Imunotoksin therapeutic adalah senyawa
yang dikembangkan untuk pengobatan kanker dan virus. Imunotoksin ini merupakan protein khimerik
yang disambungkan dengan toksin. Protein
khimerik sendiri merupakan modifikasi dari antibody dengan target sel
tertentu. Jika protein bertemu dengan
sel target, protein akan masuk dalam sel target dan toksin akan membunuh sel.
7. IARC
IARC adalah singkatan dari The International
Agency for Research on Cancer. Lembaga
ini merupakan lembaga antar pemerintahan yang merupakan bagian dari badan
kesehatan dunia (World Health Organisation - WHO) di PBB.
Markas IARC terletak di Lyon, Perancis. Lembaga ini berperan untuk memimpin dan mengkoordinir penelitian-penelitian
termasuk studi epidemiologis mengenai kanker.
Lembaga ini mengeluarkan seri dari monograf mengenai resiko karsinogenik
pada manusia yang dimiliki oleh beragam penyebab, campuran dan paparan.
Klasifikasi
karsinogen menurut IARC adalah sebagai berikut:
- Kelompok 1: pembawa (campuran) pasti bersifat karsinogenik pada manusia. Paparan pembawa ke lingkungan sekitar akan menyebabkan paparan karsinogenik pada manusia.
- Kelompok 2A: pembawa (campuran) kemungkinan besar bersifat karsinoge-nik pada manusia. Paparan pembawa ke lingkungan sekitar kemungkinan be-sar akan menyebabkan paparan karsinogenik pada manusia.

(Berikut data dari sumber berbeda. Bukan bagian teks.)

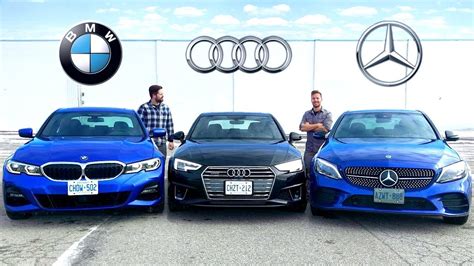 If you are a lover of luxury vehicles, you delight in the latest and greatest technology. 2019 BMW 3 Series vs Audi A4 vs Mercedes C-Class // Battle ...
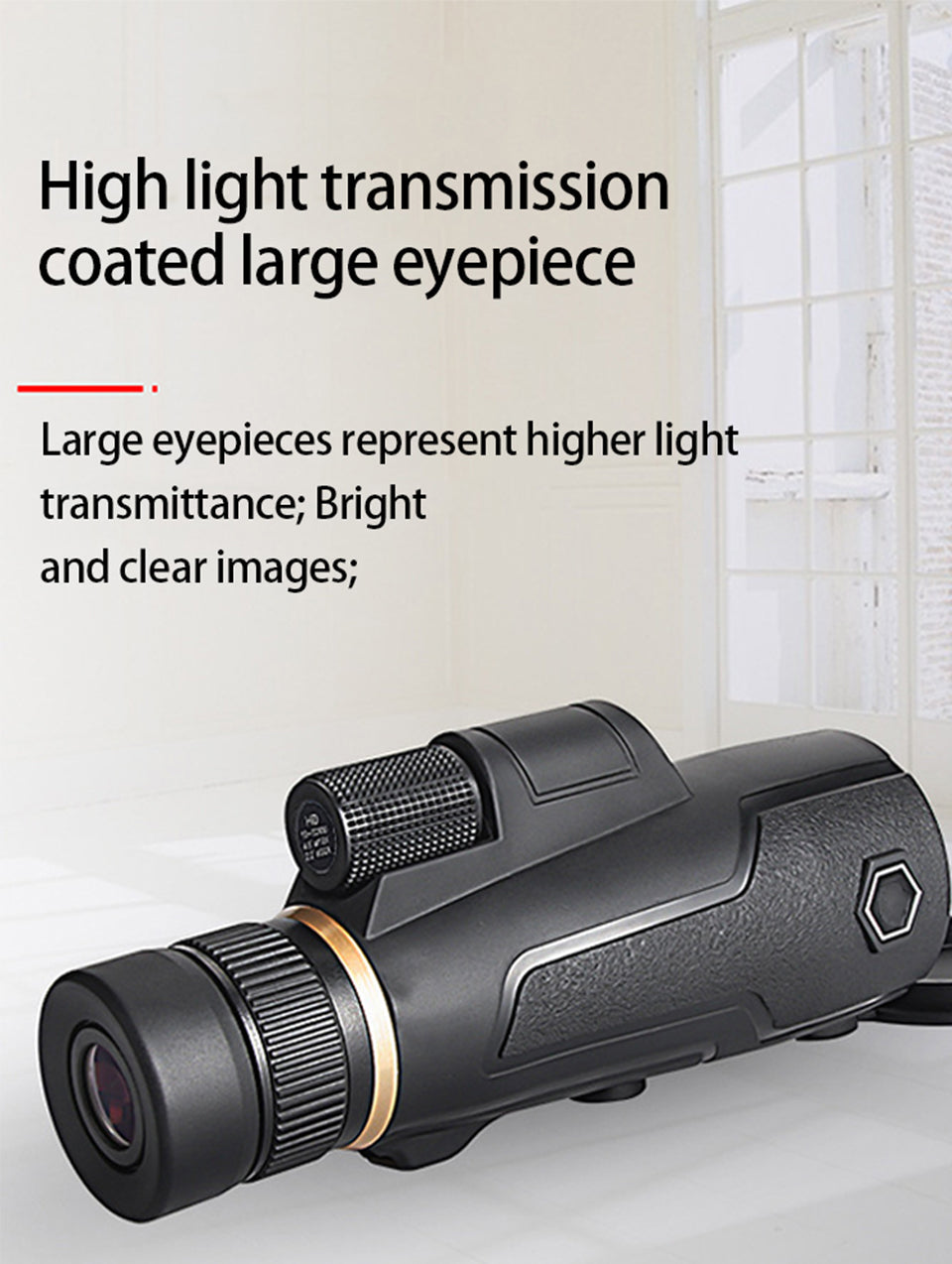 COMING SOON | 20-60x60 High Quality Monoscope | Telescope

- Kelompok 2B: pembawa (campuran) mungkin bersifat karsinogenik pada manusia. Paparan pembawa ke lingkungan sekitar mungkin menyebabkan paparan karsinogenik pada manusia.
- Kelompok 3: pembawa (campuran atau paparan ke lingkungan sekitar) tidak mudah digolongkan sifat karsinogenisitasnya pada manusia.
- Kelompok 4: pembawa (campuran) kemungkinan besar tidak karsinogenik pada manusia.